Tuesday, January 31, 2012

Winter Activities 2012

Yes, that's a sprinkler on in the Conifer Garden north of the Visitor Center.  Our snow drought has meant a real drought now as rainfall has just been spits and drizzles too.  6 days in January 2012 have had a temperature above 60F! 

Cabbages and Lettuce at the end of January?  Almost unheard of for "up here" but with just a bit of cold damage and lows hovering around 10F in protected places, it is the new normal this year.
Even the Kale looks pretty darn gorgeous for the end of January.  Usually its a mush pile by now but many still have their gorgeous foliage colors as kale is generally hardy down to 10F.
This Prairie Rose (Rosa setigera) bush in the Heartland Harvest Garden's Apple Celebration Court shows us where the mockingbirds nested last summer.  The great songster on top of the greenhouse actually had 3 family broods in the roses around the apples last year and all 3 nests are now visible in the winter landscape.  Most songbirds build a new nest for each brood to avoid both predators and parasitic pests.
The bare trees and shrubs and the January thaw make it the ideal time to prune fruit and nut crops as you can see the branching structure well and your hands don't go numb!  HHG Horticulturist Matt Bunch is busy pruning our nice collection of Hazelnuts and Filberts (Corylus spp.).  Hazelnuts are one of our first shrubs to bloom in spring with very unique flowers: the female flowers look like tiny red spiders and the male flowers are dangling catkins that release pollen into the wind.
Heartland Harvest Garden Gardener Barbara Fetchenhier is busy pruning the peach trees.  The peaches in the Peach Plaza are really starting to show great form and the potential for a phenomenal crop of peaches.  We all are worried how the mild weather is affecting our fruit and nut crops but so far these plants are remaining dormant.  The dry weather has been a benefit and a warm, spring-like rain would not be a good thing now as it would force plants flower buds to emerge too early!
Oregon Grape-Holly (Mahonia aquifolium) shows beautiful red-purple winter foliage right now in the Menu Garden.  This evergreen shrub has beautiful and nectar-rich yellow flowers in early spring followed by blue, tart berries in summer that can be made into delicious preserves.  This shrub adds some variety to an edible landscape as a welcome evergreen.

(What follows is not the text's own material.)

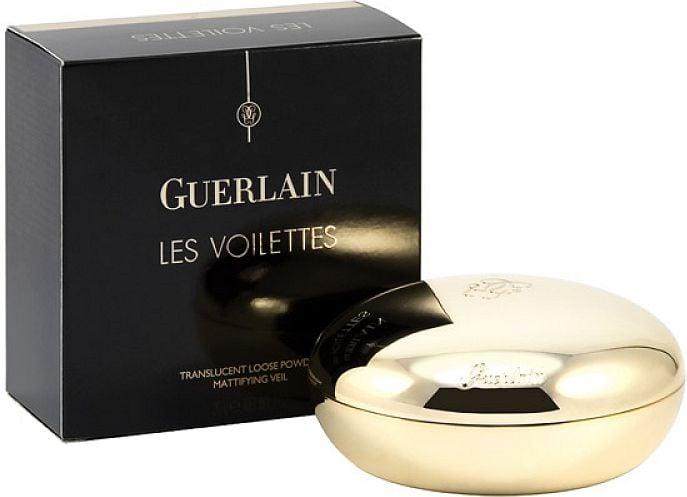 Actual product image Guerlain Les Voilettes Transparent Loose Powder With Mattifying Veil (03 Medium)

The Encore(R) Azaleas are a new evergreen shrub added to the Powell Gardens landscape this year.  These repeat-flowering azaleas are gaining immense popularity.  I photographed our 10 hardy varieties now to voucher what their foliage looks like in winter and this is the cultivar 'Royalty' which has large, royal fuchsia flowers produced sporadically all summer and into fall (in addition to springtime bloom!). 
 The sky on Monday, January 30th was crystal clear but the jet contrails created a very unique pattern of clouds that stuck through the day.  Yep, there is "global dimming" researched by scientists as a result of these conditions.  I won't explain that now but it does lower daytime temperatures and increase nighttime temperatures.  At any rate, staff and visitors to the garden couldn't help but notice the fabulous sky yesterday.

So yes, it's time to water any new plantings or evergreens whose soil around them feels dry to the touch.  It's also time to prune fruit trees for a bumper crop next year.  Most of all this mild winter weather offers no excuse to experience the beauty of the winter landscape from evergreens to sky!